Try it: Quote, word for word, only the lines running from the line with "Hiker on rocky" through the end of the listing. Leave out the pictures.

Supplied information:
=======
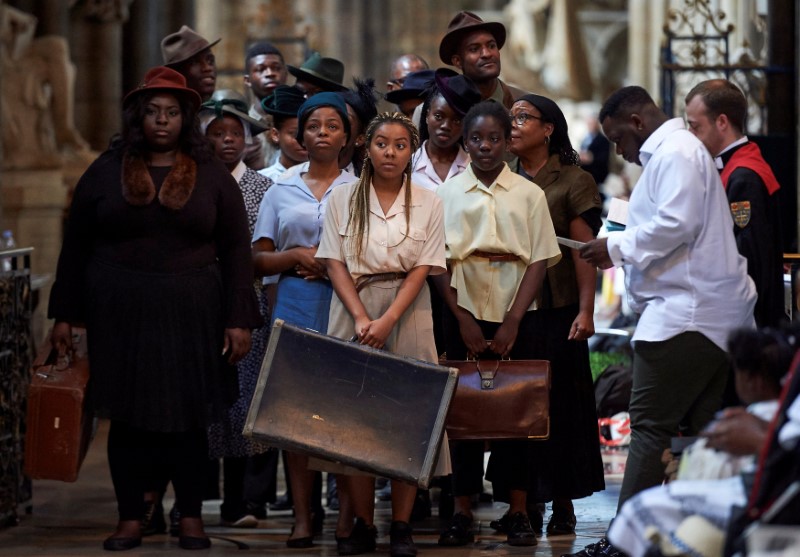 Performers from the HEbE Foundation charity perform during a Service of Thanksgiving to mark the 70th anniversary of the landing of the Windrush, at Westminster Abbey, London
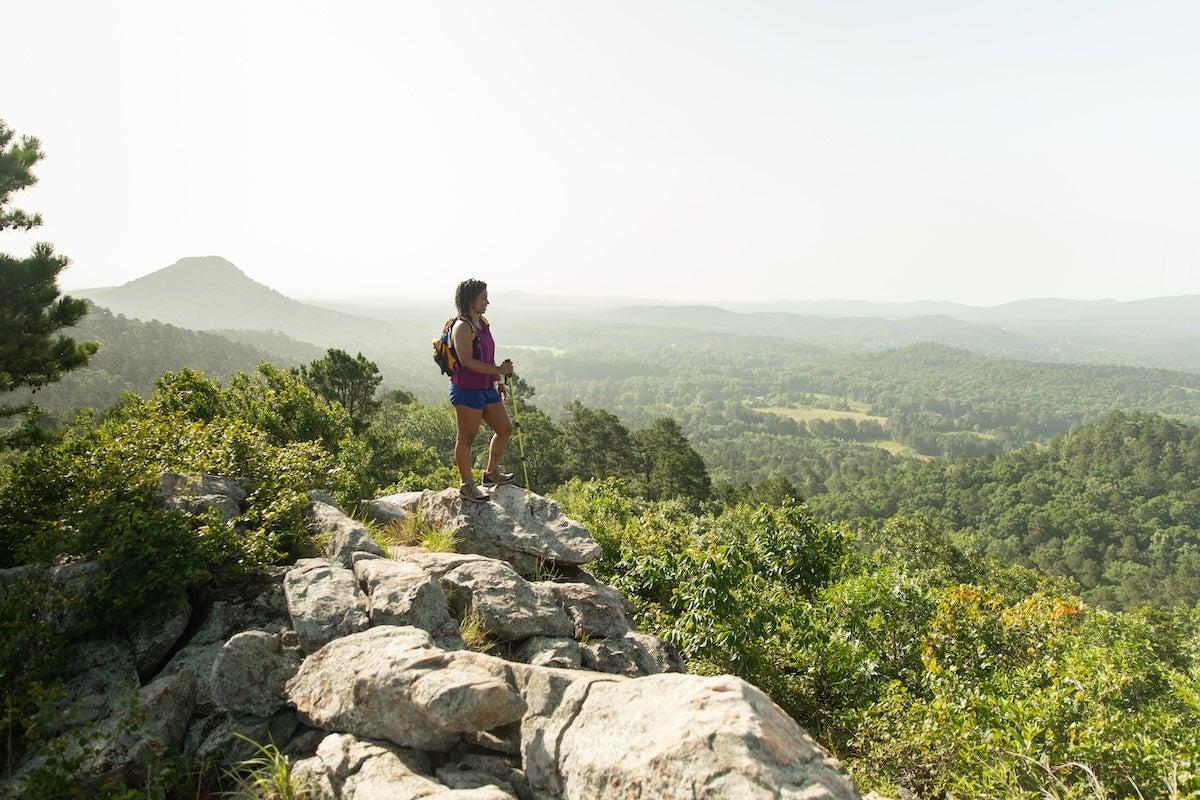 Hiker on rocky cliff overlooking vast green landscape and distant mountains.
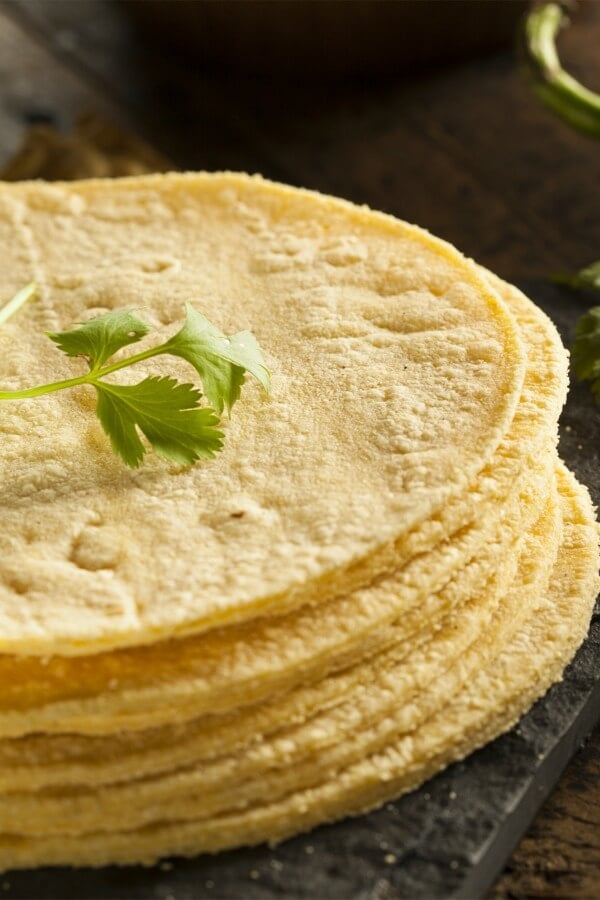 Stack of corn tortillas on a dark table with a green cilantro stem on top. 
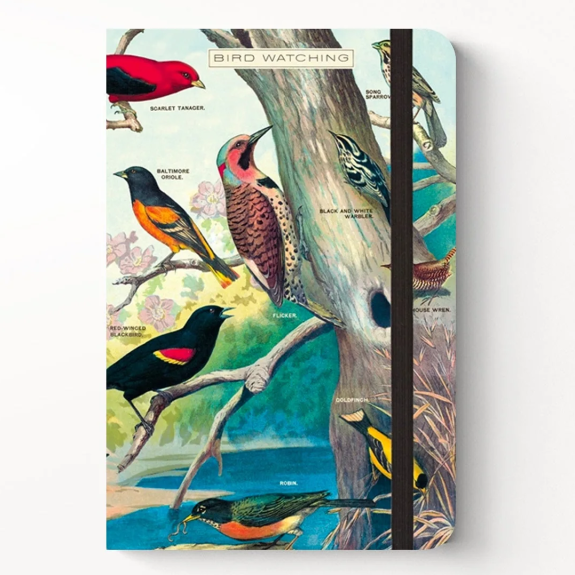 Notebook with bird illustration cover on a white background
=======
Response for this exercise:
 Hiker on rocky cliff overlooking vast green landscape and distant mountains.
 Stack of corn tortillas on a dark table with a green cilantro stem on top. 
 Notebook with bird illustration cover on a white background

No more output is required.